Simulation as a Research Tool • What is the real system being simulated? • Is there evidence or research precedent indicating that the simplified model being simulated characterizes real systems? • Is this generally known or do references need to be cited? • What’s being simulated in the buffer paper?
Simulation as a Research Tool • Are the assumptions applied in the simulation clearly stated? • Distributions used. • Operational protocols, e.g., blocking, etc. • Correlation? • Can you simulate the same system? • Steady State vs. Terminating • Number of runs • Length of runs • Some models take a long time to “settle down” • Warm-up
Simulation as a Research Tool • Verification & validation • Mainly applies to studying a real system or a detailed representation • How was this conducted? • Results compared to an existing system? • Comparisons made to existing analytical results? • Extreme cases tested?

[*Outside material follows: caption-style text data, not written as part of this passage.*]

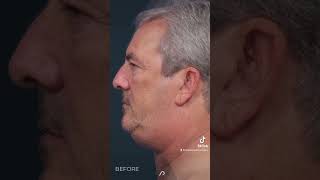 Watch the Incredible Results Neck Lift amp Liposuction Transformation [upl. by Clem]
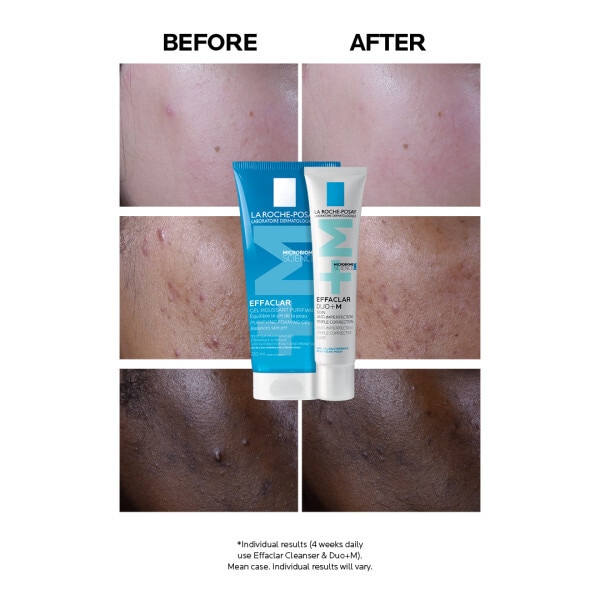 La Roche-Posay Effaclar Duo+M Anti-Breakout Corrective Gel Moisturiser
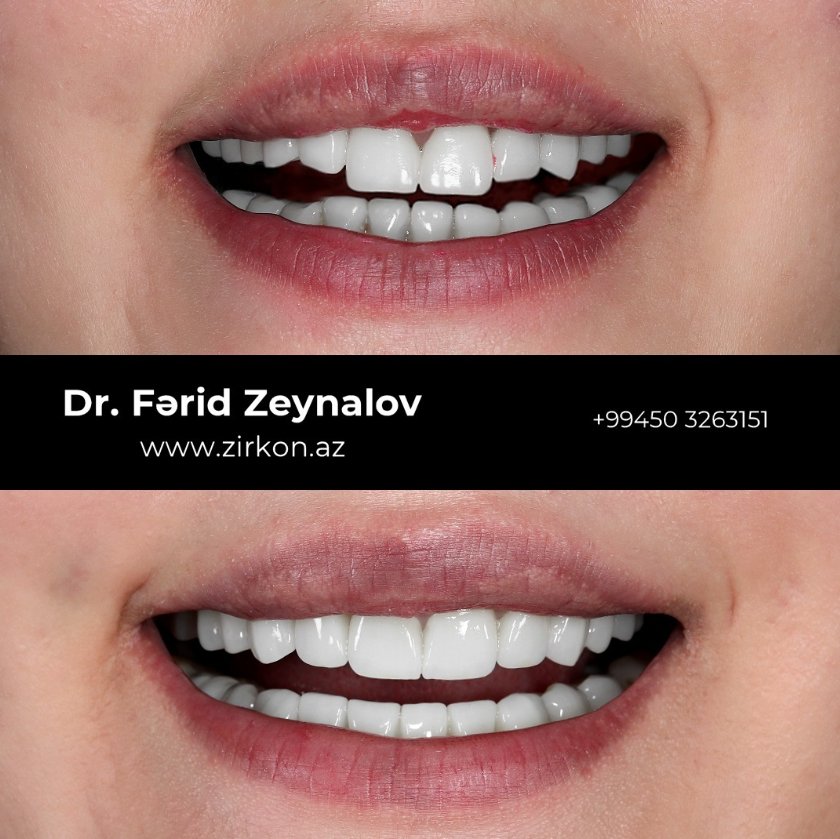Zirconia crown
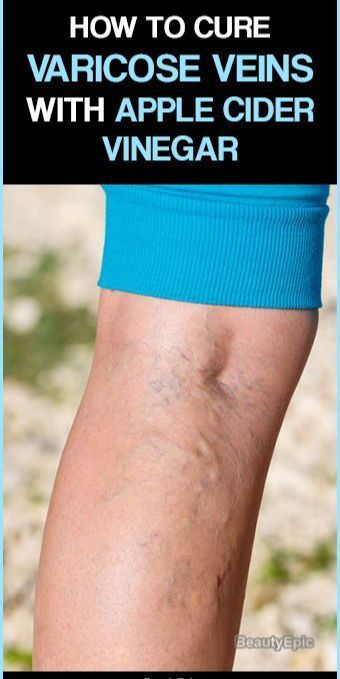 How Does Apple Cider Vinegar Help Varicose Veins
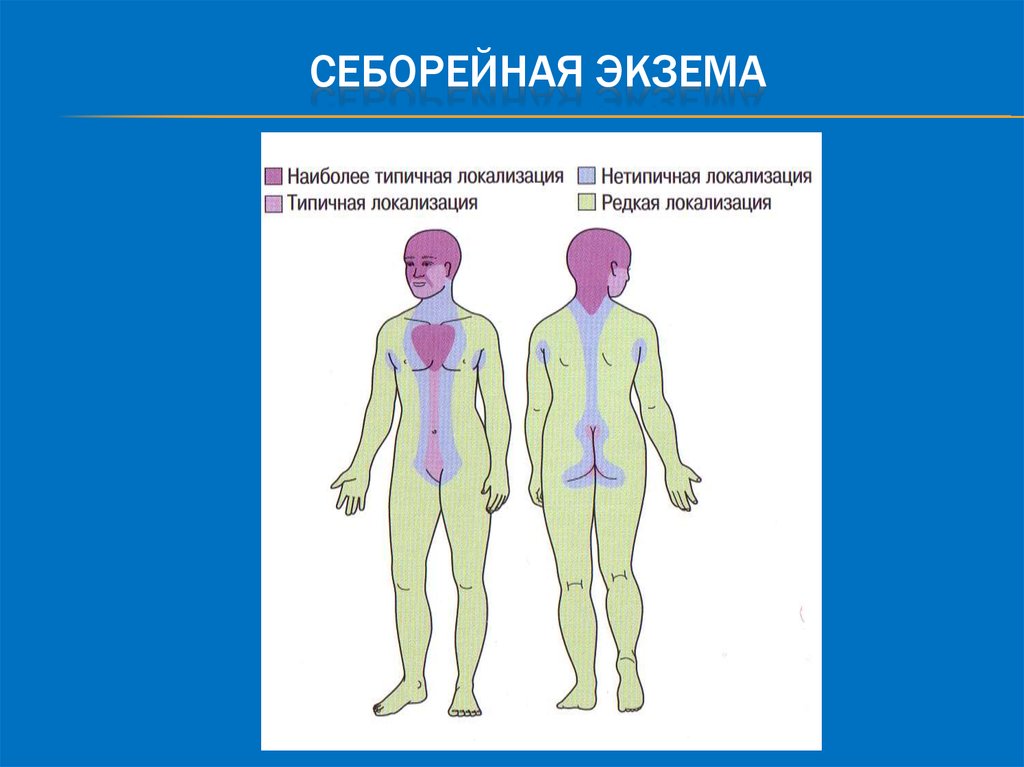 Экзема дерматовенерология презентация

Simulation as a Research Tool • Experimental design • How was the “parameter space” explored? • Experimental design? • Random systems? • Worse case systems? • Standard problem library? • The importance of this depends on the way the simulation was used • If simulating to understand a system and gain insight, these issues become more important.
Simulation as a Research Tool • Output analysis • Were proper statistical procedures applied to the output? • e.g., confidence intervals • What is the variance around the average results?
Research in Simulation • Research into the various aspects of simulation mechanisms or conducting simulation studies • Generating random numbers • Generating random variates • Use of distributions in simulations • Dealing with extremely large simulation models • Optimization of systems using simulation • etc., … • See general topics for the WSC
Research in Simulation • Simulation optimization • The system of interest has a performance function f that transforms controllable system parameters into system performance. • The function f is unknown or computationally intractable. • Simulation is used to approximate f • How can simulation be used to optimize f subject to constraints and costs?
Research in Simulation • Examples of simulation optimization research • Perturbation analysis • Use of global optimization heuristics (e.g., genetic algorithms) • Vergara paper.
Research in Simulation • Simulation modeling methodology • How can different systems be modeled? • Distributed/parallel simulation • Methods for verification/validation • Short cuts/approximations • Where is the Sharma paper ?
Conclusions • Many of the items discussed today are things to look for when evaluating research and when conducting research. • Often the importance of each item will depend on the circumstances, the existing body of research, and the objectives of the research.